Lines from the material below that hold the string "Floral" are what is needed; copy each of them.
[[ Provided information, beginning ]]
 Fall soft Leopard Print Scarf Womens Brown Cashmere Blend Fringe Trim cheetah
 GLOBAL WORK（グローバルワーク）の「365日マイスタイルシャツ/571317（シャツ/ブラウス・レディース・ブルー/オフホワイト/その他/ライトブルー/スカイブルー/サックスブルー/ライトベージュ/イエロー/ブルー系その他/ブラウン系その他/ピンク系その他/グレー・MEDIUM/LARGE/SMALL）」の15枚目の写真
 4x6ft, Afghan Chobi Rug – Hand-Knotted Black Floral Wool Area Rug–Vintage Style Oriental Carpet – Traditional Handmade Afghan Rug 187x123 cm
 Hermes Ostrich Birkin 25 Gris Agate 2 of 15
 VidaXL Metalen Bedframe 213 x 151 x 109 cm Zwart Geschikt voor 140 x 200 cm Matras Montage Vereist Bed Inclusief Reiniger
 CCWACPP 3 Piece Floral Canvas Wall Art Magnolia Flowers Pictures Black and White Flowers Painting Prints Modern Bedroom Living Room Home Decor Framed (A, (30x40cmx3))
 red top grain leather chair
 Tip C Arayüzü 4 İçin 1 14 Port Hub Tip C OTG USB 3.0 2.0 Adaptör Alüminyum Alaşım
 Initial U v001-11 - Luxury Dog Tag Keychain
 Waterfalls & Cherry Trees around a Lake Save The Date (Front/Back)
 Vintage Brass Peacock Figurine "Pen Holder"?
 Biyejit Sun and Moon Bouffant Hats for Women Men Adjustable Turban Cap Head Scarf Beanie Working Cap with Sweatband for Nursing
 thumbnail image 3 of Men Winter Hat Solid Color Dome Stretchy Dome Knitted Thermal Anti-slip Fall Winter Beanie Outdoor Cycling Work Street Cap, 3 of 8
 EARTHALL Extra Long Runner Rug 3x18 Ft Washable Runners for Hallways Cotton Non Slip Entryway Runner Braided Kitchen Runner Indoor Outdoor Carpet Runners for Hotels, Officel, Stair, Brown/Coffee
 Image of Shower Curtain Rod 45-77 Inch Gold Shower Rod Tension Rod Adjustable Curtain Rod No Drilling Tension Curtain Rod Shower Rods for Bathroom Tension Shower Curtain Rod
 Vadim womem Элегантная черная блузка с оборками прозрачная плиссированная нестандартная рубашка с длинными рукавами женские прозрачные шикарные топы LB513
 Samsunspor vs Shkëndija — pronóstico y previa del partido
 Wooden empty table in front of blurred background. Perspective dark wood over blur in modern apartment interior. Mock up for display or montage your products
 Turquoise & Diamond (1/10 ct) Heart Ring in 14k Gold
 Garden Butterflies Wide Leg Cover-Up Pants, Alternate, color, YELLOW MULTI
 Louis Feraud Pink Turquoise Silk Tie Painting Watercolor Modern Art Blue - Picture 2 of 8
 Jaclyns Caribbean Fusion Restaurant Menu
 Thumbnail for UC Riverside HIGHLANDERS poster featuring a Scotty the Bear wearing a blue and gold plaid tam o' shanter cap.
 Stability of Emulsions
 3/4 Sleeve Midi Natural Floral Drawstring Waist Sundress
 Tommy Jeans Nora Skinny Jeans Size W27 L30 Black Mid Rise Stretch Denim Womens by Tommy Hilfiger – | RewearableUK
[[ Provided information, end ]]
Written answer |
 4x6ft, Afghan Chobi Rug – Hand-Knotted Black Floral Wool Area Rug–Vintage Style Oriental Carpet – Traditional Handmade Afghan Rug 187x123 cm
 CCWACPP 3 Piece Floral Canvas Wall Art Magnolia Flowers Pictures Black and White Flowers Painting Prints Modern Bedroom Living Room Home Decor Framed (A, (30x40cmx3))
 3/4 Sleeve Midi Natural Floral Drawstring Waist Sundress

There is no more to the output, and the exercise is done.